We also demonstrated that direct infection of NK cells by HIV-1 was not responsible for the abnormal expression and activity of iNKR, NCRs, or NKG2D, because freshly isolated and activated NK cells from HIV-1 positive donors did not harbor HIV. Finally, we demonstrated that the impaired spontaneous cytolytic function of freshly isolated NK cells among viremic individuals was associated with an impaired secretion of INF-γ as has been reported with cloned NK cells (28). Only since the availability of HAART, which has been shown to successfully suppress plasma viremia to below detectable levels in a significant proportion of HIV-infected patients, have investigators been able to carefully examine the precise effects of viremia on various immune cell functions (29, 30). In this regard, in comparisons of viremic and aviremic HIV-infected individuals, we have recently demonstrated that viremia is associated with an abnormal pattern of gene expression in resting CD4+ T cells (31) as well as abnormal phenotype and functional capability of B cells (32, 33). This study demonstrates striking differences in the phenotype and function of NK cells in viremic individuals.
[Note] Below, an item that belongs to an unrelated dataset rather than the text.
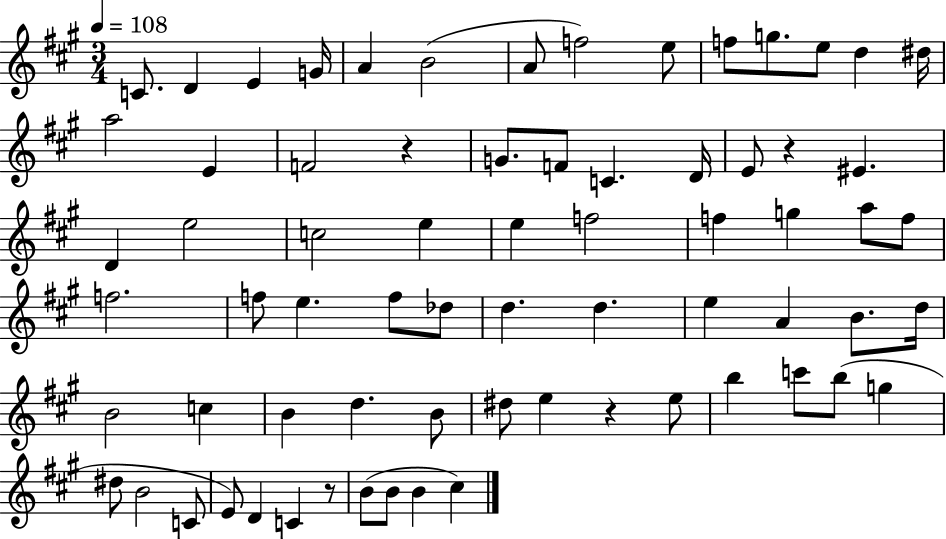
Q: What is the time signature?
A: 3/4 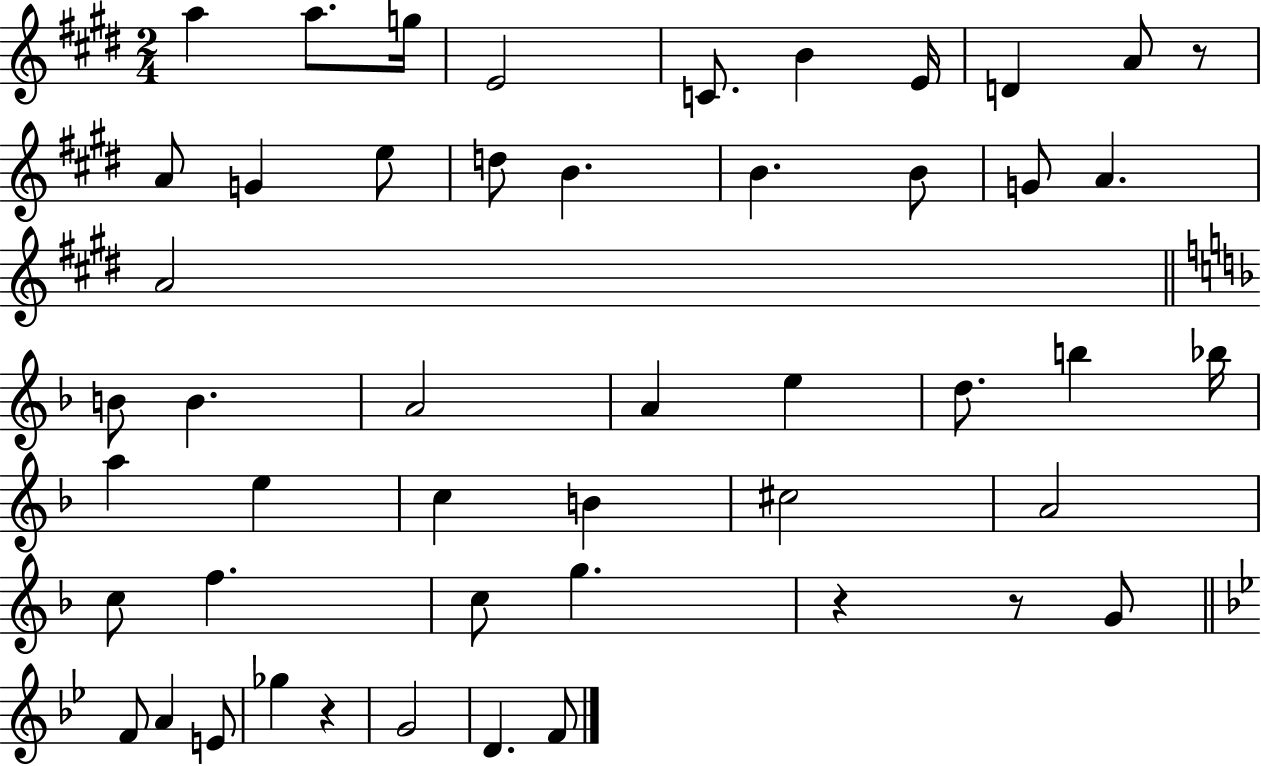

Longitudinal studies of viremic patients are necessary to evaluate recovery time of NK cell function in HIV-1-infected viremic donors who subsequently become aviremic on HAART. The dichotomy of expression of KIRs, NKG2A, and NCRs, together with the functional correlates, provides insight into the mechanisms of impairment of NK function in viremic HIV-infected patients and serves as a potentially important model for the relevance of the physiologic balance of NK receptor expression in the integrity of the innate immune system.
Acknowledgments
We thank the patients for their cooperation and generosity in participating in these studies, the National Institute of Allergy and Infectious Diseases study coordinators for recruiting patients, and the National Institutes of Health Department of Transfusion Medicine for recruiting the healthy donors.
Abbreviations: NK, natural killer; iNKR, inhibitory NK receptor; NCR, natural cytotoxicity receptor; MHC-I, MHC class I-positive; TCR, T cell receptor; KIR, killer Ig-like receptor; HAART, highly active antiretroviral therapy; PBMC, peripheral blood mononuclear cell; HLA, human leukocyte antigen; rIL-2, recombinant IL-2; PE, phycoerythrin; E/T, effector/target; TGF-β, transforming growth factor β.